▸ Work instruction
Whenever "Leather" appears in a line, please copy that line from the data.

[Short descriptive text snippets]

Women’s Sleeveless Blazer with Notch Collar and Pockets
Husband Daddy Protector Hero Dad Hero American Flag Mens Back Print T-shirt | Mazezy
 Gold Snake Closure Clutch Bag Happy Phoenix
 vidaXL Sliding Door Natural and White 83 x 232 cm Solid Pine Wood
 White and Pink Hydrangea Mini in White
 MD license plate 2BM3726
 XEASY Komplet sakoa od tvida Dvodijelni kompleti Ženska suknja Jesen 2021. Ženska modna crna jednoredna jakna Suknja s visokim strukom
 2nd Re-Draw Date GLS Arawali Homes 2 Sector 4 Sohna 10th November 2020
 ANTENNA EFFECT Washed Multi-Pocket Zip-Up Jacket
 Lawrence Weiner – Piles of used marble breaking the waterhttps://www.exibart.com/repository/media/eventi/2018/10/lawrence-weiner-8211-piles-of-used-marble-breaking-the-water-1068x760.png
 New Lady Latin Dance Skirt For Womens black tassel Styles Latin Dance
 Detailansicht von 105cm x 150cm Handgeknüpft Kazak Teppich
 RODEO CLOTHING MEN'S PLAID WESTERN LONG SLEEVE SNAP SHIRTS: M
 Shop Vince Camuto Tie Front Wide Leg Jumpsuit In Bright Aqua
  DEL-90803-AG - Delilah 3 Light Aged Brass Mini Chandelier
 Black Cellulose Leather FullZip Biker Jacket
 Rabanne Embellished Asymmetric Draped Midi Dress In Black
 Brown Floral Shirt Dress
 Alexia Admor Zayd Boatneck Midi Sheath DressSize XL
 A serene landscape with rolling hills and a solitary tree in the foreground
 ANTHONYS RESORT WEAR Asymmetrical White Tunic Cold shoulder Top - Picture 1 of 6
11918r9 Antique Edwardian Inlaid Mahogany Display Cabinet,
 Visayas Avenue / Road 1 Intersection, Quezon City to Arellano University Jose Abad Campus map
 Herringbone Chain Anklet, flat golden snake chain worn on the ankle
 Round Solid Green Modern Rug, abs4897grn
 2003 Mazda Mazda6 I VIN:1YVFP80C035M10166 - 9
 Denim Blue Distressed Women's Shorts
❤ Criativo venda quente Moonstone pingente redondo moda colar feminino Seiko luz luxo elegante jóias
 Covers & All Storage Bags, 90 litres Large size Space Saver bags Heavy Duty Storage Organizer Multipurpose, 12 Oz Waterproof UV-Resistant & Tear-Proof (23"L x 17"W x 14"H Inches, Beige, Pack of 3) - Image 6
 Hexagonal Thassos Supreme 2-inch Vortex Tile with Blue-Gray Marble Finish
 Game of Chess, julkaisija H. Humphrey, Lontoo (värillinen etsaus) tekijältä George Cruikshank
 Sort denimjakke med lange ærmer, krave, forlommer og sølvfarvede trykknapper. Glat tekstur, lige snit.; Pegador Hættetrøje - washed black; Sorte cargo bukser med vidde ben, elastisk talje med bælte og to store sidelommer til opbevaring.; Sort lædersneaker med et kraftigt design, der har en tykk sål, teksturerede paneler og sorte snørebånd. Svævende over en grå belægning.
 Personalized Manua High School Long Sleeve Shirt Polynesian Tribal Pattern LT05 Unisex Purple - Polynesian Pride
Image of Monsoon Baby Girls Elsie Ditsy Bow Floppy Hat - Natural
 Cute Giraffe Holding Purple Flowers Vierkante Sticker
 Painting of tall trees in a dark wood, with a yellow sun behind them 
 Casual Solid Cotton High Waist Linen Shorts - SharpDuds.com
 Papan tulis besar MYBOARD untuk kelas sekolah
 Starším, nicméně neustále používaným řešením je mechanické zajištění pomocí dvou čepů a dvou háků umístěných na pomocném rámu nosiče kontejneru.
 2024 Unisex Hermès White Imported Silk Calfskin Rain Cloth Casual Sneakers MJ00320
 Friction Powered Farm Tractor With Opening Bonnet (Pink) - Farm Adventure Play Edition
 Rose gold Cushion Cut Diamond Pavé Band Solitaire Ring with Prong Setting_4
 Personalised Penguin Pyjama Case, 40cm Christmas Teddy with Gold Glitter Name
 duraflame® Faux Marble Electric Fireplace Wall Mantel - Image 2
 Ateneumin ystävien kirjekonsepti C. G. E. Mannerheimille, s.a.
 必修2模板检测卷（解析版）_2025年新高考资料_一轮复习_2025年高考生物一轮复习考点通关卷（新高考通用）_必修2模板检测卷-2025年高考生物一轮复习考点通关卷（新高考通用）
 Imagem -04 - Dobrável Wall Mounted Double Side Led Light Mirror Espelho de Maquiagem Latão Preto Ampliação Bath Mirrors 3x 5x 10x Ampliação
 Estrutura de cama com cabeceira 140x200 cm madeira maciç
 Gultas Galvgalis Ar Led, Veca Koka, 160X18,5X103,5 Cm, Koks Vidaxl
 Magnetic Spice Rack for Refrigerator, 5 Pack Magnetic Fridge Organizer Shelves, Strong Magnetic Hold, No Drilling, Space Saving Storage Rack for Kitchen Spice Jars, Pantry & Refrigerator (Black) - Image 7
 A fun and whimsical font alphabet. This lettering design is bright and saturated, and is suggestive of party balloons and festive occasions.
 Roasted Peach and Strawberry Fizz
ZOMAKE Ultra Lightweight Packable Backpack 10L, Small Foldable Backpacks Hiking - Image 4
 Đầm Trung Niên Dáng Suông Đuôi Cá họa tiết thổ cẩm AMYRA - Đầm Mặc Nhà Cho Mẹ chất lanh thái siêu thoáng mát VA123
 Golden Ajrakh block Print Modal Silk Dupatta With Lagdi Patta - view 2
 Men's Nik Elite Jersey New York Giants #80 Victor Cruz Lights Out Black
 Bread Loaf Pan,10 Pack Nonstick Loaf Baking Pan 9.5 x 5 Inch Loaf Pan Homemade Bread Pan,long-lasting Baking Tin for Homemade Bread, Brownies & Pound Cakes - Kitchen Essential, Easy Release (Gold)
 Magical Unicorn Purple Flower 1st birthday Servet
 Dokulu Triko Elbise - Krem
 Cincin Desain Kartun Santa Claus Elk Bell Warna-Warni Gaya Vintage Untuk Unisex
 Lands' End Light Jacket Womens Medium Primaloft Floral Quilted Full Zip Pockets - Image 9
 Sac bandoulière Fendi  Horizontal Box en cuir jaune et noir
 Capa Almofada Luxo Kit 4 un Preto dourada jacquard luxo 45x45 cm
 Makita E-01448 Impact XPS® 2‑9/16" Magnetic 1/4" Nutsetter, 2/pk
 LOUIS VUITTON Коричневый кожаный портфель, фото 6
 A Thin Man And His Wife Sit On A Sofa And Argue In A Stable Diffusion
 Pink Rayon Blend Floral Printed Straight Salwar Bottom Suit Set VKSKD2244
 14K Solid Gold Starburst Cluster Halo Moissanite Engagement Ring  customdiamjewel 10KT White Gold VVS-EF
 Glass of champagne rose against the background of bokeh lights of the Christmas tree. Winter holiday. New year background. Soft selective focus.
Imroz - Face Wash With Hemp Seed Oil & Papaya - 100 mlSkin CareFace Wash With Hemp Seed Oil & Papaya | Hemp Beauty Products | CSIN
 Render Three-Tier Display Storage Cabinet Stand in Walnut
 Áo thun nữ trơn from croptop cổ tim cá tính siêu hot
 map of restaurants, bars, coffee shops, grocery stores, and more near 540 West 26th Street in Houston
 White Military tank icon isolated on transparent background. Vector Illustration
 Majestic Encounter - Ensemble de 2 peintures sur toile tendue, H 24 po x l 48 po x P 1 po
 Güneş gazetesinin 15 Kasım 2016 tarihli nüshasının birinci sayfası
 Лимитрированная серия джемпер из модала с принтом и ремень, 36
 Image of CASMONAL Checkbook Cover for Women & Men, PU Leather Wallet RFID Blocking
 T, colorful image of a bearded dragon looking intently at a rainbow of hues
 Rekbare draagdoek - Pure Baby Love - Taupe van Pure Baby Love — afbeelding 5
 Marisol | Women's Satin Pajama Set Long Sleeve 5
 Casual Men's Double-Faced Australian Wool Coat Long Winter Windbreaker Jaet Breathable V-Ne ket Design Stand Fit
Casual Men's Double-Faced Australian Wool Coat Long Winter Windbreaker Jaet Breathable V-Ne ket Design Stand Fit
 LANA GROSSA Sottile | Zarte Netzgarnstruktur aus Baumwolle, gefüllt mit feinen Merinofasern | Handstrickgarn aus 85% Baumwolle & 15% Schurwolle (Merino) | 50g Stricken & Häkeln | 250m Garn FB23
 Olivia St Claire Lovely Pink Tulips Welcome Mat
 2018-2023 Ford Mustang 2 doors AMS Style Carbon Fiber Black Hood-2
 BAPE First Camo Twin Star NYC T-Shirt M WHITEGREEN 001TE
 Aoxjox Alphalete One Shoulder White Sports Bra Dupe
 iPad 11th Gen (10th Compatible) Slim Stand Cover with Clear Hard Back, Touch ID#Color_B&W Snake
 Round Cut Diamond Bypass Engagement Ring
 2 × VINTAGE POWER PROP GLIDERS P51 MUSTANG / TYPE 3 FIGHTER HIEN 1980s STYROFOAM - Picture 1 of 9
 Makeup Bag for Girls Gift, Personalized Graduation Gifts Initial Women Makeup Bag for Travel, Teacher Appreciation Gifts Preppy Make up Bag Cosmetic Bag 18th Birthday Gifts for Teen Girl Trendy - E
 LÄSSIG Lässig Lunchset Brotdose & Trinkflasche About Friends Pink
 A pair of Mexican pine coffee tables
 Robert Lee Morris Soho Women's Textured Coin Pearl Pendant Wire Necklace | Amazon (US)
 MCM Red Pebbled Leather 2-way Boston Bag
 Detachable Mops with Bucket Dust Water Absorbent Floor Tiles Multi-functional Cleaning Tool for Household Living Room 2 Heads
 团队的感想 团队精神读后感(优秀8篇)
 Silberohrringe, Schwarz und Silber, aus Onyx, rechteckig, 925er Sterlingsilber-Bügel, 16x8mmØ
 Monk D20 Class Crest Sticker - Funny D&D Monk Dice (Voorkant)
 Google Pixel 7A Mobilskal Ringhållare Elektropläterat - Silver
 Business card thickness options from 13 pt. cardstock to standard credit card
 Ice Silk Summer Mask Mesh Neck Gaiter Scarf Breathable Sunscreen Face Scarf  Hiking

▸ Result below
 Black Cellulose Leather FullZip Biker Jacket
 Image of CASMONAL Checkbook Cover for Women & Men, PU Leather Wallet RFID Blocking
 MCM Red Pebbled Leather 2-way Boston Bag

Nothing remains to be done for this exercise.